**Task objective:** Give again, word for word, every line in the entries below from the line with "Used 2020 Ford" up to and including the line with "Mina Teva Villa Metula Buitenkant foto", and no other line.

**Source material:**
........

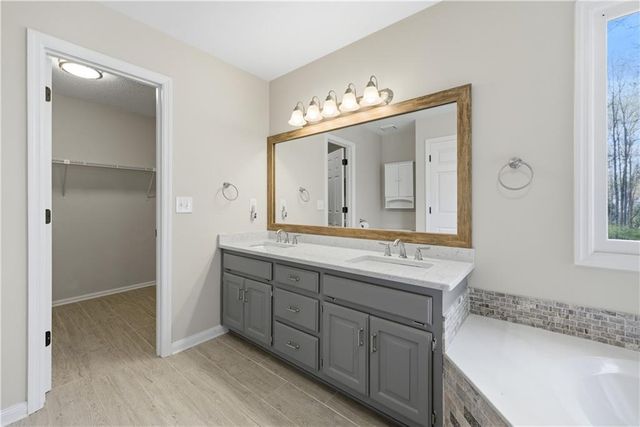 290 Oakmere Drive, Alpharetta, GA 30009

........

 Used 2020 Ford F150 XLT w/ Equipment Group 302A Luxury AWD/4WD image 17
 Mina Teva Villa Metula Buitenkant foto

........

**Solution:**
 Used 2020 Ford F150 XLT w/ Equipment Group 302A Luxury AWD/4WD image 17
 Mina Teva Villa Metula Buitenkant foto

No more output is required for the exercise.